- 1 Minute Read
- 26th June 2009
Fair value in City but gloom to stay
City offices have reached fair value and the West End market will follow in the second half of this year, DTZ said this week.
However, the agent also warned that there was no “near-term end to the market’s misery”. Its annual Money into property report, published on Monday, showed for the first time in its 34-year history a decline in the value of UK stock. It fell by 10% last year to £586bn.
“We should not lose sight of the fact that we are in a significantly worse place than we were a year ago,” said the report. “GDP growth last year reached just 0.7% against expected growth of 1.6% earlier in 2008. The outlook for 2009 has deteriorated significantly with the economy expected to shrink by 4.1% compared to expectations of a 1.6% rise.” As a consequence of this and the continuing unavailability of debt, said DTZ, investment volumes would drop by 70% this year- down from an already depressed 2008, when volumes more than halved.
It also expects negative returns of almost 22% in the UK this year, caused be outward yield shifts and rental falls.
Prime rents in the City and the West End have fallen 31% and 23% respectively since the peak in 2007. Further drops of 14% in the City and 20% in the West End are predicted over the next two years. DTZ added that buying now, however, should lead to above-market returns in the long term.
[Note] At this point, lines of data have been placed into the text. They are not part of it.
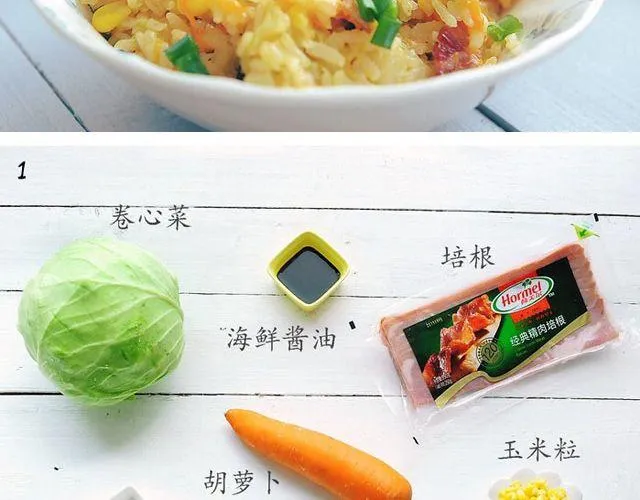 第30期 培根咸饭 第14页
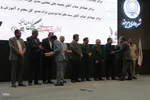 اختتامیه جشنواره ملی جهادگران در بیرجند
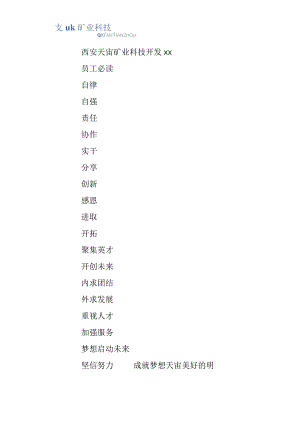 XX矿业科技企业员工手册范文管理.docx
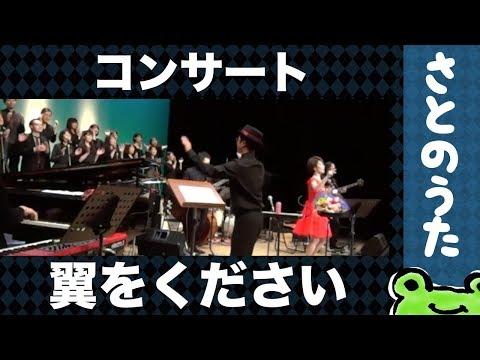 生演奏「翼をください ゴスペル風」 さとのうた童謡ジャズ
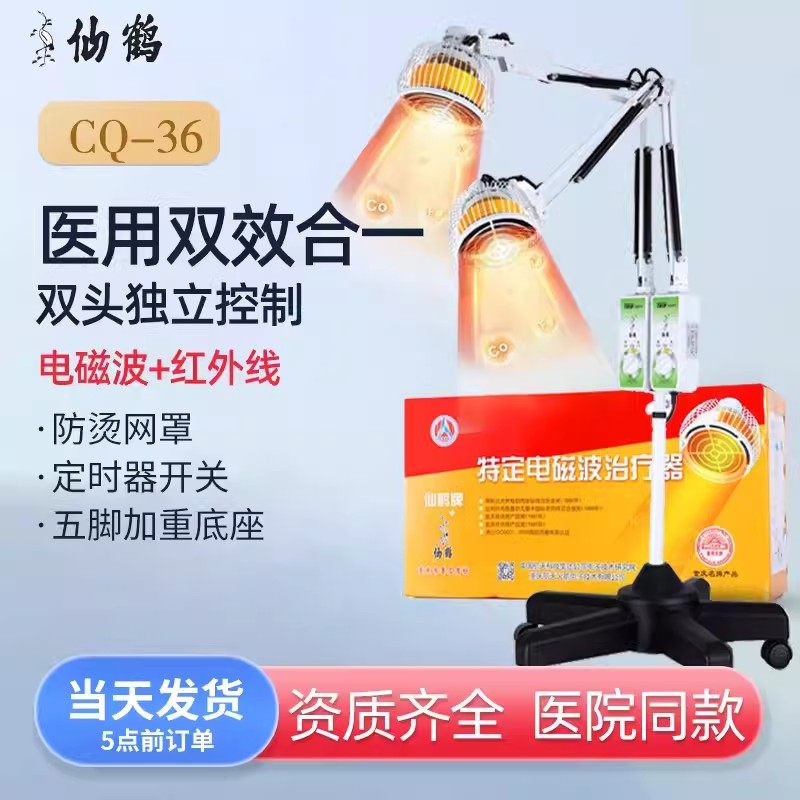 仙鹤牌特定电磁波治疗器双头电子红外线理疗仪神灯家用立式烤电灯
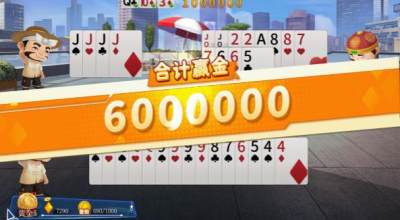 英雄斗地主赢话费正版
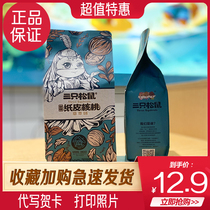 New goods (Three squirrels _ Herbal flavor paper-skin walnut 180g)Walnut Xinjiang specialty thin skin a whole box
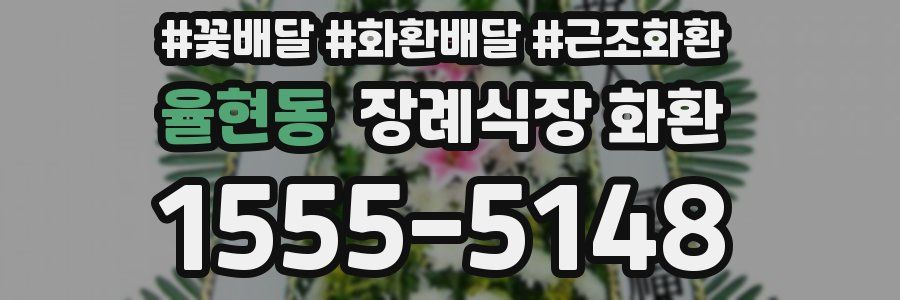 율현동 장례식장 화환
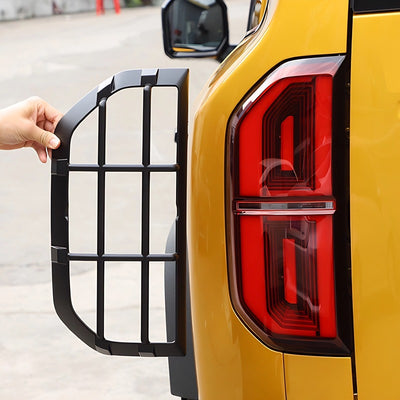 Tail Light Protector Fangchengbao Bao 5/Denza B5 (2 Pcs)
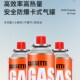 户外便携式 炉丁烷气罐喷火枪配套长气罐 野外j露营耐用气瓶卡式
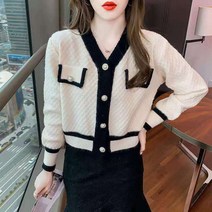 신스엔스 여성 브이넥 진주 단추 트위드 니트 가디건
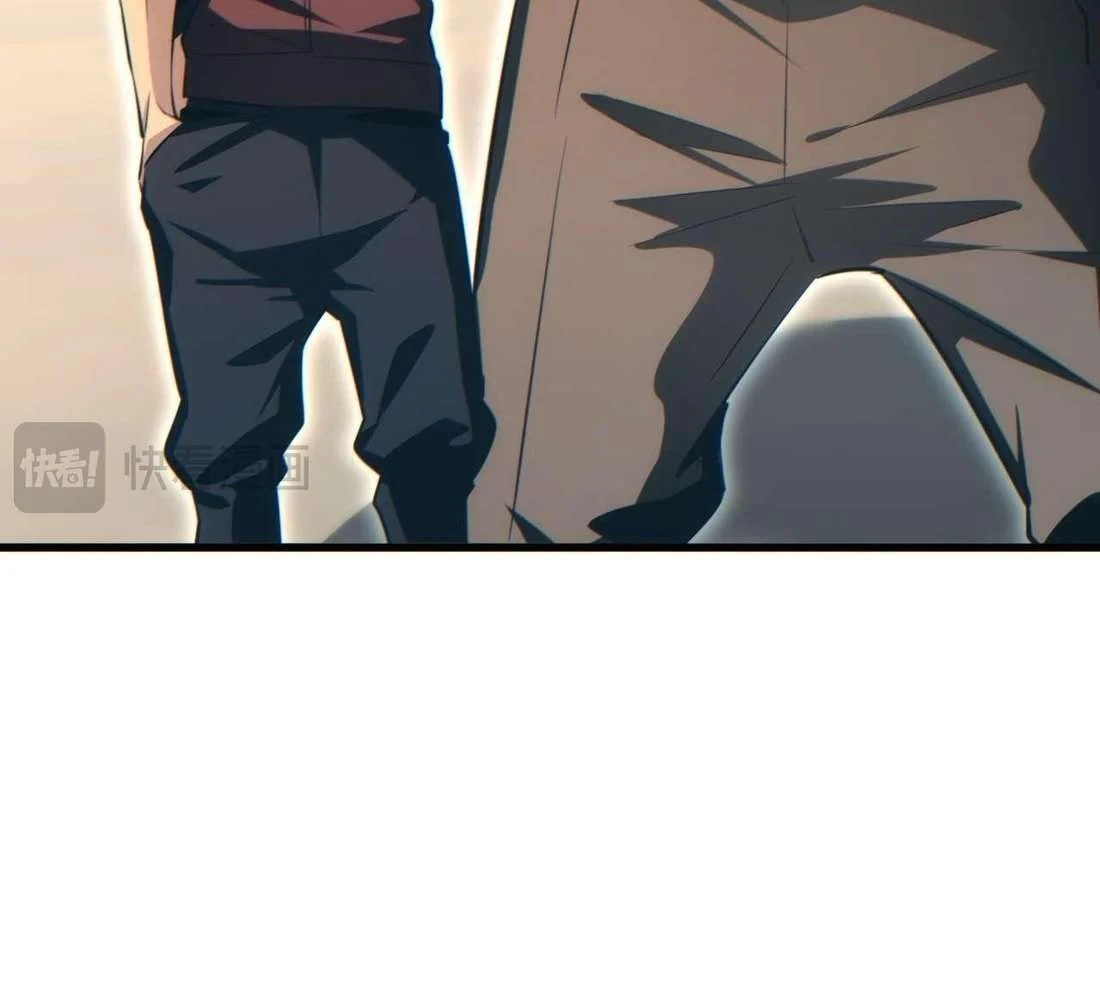 Page 144 of Chapter 31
Head of global forecasting Tony McGough said: “Full open hunting season for investors is not yet under way, with the majority of markets still needing to undergo further pain before they reach fair value.
“This picture will start changing in the second half of this year, though some key markets will reach fair value only in 2010”.
He added that opportunities would be “very mucho constrained” by the continued scarcity of debt funding.
More than 50% of lenders surveyed said that they did not expect a substantial recovery in the debt markets until after 2010.